Currently, it can be quite challenging to cross Shelburne Road. There are only four crosswalks: Queen City Park Road, IDX Drive, the Hannaford Plaza, and Fayette Drive/MacIntosh Avenue. These crosswalks are almost a quarter of a mile apart in distance as well.  The suggestions of the study were made with the aim of improving visibility and the quality and safety of pedestrian crossings including leading pedestrian intervals, turn restrictions, regulatory signs, and pedestrian countdown signals. The study suggested additional crosswalks at signalized intersections and a crosswalk with a median refuge at Imperial Drive.

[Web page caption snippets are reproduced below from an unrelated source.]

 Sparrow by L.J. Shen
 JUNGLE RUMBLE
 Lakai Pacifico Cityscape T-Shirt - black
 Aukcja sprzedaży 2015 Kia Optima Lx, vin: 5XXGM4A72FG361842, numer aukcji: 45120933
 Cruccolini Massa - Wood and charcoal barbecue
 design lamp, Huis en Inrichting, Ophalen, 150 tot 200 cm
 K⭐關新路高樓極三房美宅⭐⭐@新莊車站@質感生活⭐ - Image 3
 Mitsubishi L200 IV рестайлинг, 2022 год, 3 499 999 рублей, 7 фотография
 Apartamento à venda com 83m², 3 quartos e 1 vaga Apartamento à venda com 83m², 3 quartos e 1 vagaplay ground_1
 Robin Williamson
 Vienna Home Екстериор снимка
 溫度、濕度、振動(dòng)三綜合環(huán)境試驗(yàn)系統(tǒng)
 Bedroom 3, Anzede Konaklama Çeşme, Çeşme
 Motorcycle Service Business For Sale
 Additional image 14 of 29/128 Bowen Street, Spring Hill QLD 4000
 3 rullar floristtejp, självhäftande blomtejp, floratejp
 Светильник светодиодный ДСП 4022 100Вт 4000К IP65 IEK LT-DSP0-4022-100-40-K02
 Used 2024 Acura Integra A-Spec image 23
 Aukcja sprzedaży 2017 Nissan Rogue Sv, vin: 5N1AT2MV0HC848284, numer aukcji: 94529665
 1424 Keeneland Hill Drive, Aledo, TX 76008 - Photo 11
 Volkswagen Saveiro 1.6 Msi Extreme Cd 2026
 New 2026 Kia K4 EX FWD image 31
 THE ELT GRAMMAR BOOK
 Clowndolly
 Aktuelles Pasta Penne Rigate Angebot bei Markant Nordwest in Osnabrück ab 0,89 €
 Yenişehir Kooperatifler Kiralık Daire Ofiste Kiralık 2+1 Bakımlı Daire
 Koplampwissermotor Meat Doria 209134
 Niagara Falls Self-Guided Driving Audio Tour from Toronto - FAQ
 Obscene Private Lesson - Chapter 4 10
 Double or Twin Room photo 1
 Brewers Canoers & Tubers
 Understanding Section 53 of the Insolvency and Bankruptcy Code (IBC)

Since the Shelburne Road corridor is currently dominated by vehicles, the study addressed making the road safer for cyclists as well. Presently, there are no bike lanes provided in the corridor, only south of IDX Drive. The study shows that the crossing at Queen City Park Road to is incomplete and poorly defined. There is a lack of alternative and parallel routes as well.  The study proposes an on-street bike route on Fayette Drive and pursuing a feasibility study of a multi-use path on Fayette Drive. A way finding and signed bike route system in neighborhoods was also proposed.

At the wrap-up of the presentation, Commission member Chris Cole motioned that the Planning Commission accept the report; all members were in favor. It was made clear that the motion did not include an endorsement of any of the points brought forth by the scoping study.